Machine Learning...and the Apocalypse?

Someone obviously didn't read the Q-Tips warning labels!

Trying to learn everything that goes along with Data Science in the span of 6 months can be a daunting task. Where do you begin? How in depth can you really get? Can I learn it all?

The Data Science master’s program director and lead professor at the University of Dundee work hard at answering these questions as best they can for myself and my classmates. While both have worked in the data science field commercially for a number of years, written numerous books and articles about databases, MDX, programming, deep learning, etc., they didn’t just rely on what they personally felt to be the most important aspects to teach their students. What they actually did was contact directors of data science at companies, CEOs, etc. and simply said…”You are going to want to employ our graduates. What do you expect them the know and be able to do?”

I'm slightly over simplifying it, but essentially that is what they do. They do this on an annual basis to adjust the program and the modules appropriately. I appreciate this approach as it keeps the program relevant, up-to-date, and I’m learning skills that employers are actually looking for.

That doesn’t go without saying, that sometimes, some aspects may be glanced over. For me, that concept was Machine Learning. Sure we talked about it, but not in great depth. We even got philosophical with trying to define machine learning, artificial intelligence, and can machines really “think” on their own. I believe one day, we will see computers using their "intelligence" to make unsupervised decisions. We also jokingly talked about how it may lead to the apocalypse when eventually the machines start deciding to take over the world. Hence we named our short lecture for that day “Machine Learning and the Apocalypse”.

Well, maybe not in my lifetime.

I just recently talked to the director, and they recognize machine learning's growing importance and they are revamping the modules for the next academic year. Which means for me, I started a year too early in the program.

But that’s ok. I mean isn’t one of the aspects of earning a Master’s degree to do independent learning and research? And to dive into those aspects driven by curiosity?

So that’s what I’m doing.

I randomly came across this website called Datacamp. There I found a tutorial about Machine Learning using baseball statistics. I love sports and baseball. I'm completely engaged in these data science concepts...and I suppose you could say my “dream job” once I finish this master’s in January would be to work for a professional sports organization to apply these data science skills. I was immediately drawn to this tutorial and had to try it.

I won’t bore you too much with the coding. But if you are curious, you can read through the tutorial to get the gist of it here

This is my first attempt (I loosely say 'first' because I tried it a bit before with an assignment, but didn't get very far with it as I was still trying to grasp the concept) at doing some machine learning on my own.
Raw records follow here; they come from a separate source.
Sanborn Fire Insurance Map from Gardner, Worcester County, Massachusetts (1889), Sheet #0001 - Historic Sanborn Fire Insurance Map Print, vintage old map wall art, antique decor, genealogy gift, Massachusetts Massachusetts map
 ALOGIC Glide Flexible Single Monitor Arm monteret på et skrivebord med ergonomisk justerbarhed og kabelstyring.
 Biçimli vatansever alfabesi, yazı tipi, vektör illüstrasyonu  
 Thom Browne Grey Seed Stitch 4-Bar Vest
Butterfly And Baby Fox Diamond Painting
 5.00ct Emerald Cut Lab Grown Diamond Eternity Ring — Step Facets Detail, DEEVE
I input over 100 years of each baseball team's each team, for each season, going back to 1900, from a database into a statistical program (Python). I could train the program to develop an algorithm to determine the relationship between all those statistics (runs scored, hits, doubles, triples, HRs, walks, fielding percentage, errors, home-runs allowed, strike outs, etc) and make a correlation to overall games won for that team, for that year.

However, I altered the original code, in that I was curious if I could input the current statistics as of August 2nd, 2017 to predict the end of the year wins for each team (where as the way the tutorial is set up, would predict the wins up until the date the statistics were taken. So if a team played 162 games, it predicted wins out of those 162. If a team only played 100 games, it predicted the wins from those 100 total games. Thinking about it now, I suppose I could have used the winning percentage to calculate out the total wins in 162 games, and test if it was more accurate than the modeled results below).

Once the model is trained on the modified code, I could then input the teams' statistics as of August 2nd for this current season to predict how many wins they will have at the end of this season. There's 2 more months of baseball left until the playoffs. So I'm posting this up here now so we can go back to see how close I got (and if it ends up being really close, I won't be accused of changing the results to my favor).

There needs to be a method to the madness. Stirring would be a poor choice.

But before inputting the new data, you need to test the model with known results. I mean, what good is a model if's not accurate? When I tested my model with known results, on average, it was predicting the wins +- 2.7 from actual wins. I'm sure I could tweek, maybe add more variables, to reduce that variance. I also had not checked the distribution or standard deviations. Had this been an assignment, I obviously would be more thorough in testing the model. But like I said, this was my first attempt and I was more focused on if I could get it to work, not necessarily analyzing the accuracy...but an average of +-2.7 was not bad for a one days attempt....

Here are the results (from inputing the data from August 2nd, 2017).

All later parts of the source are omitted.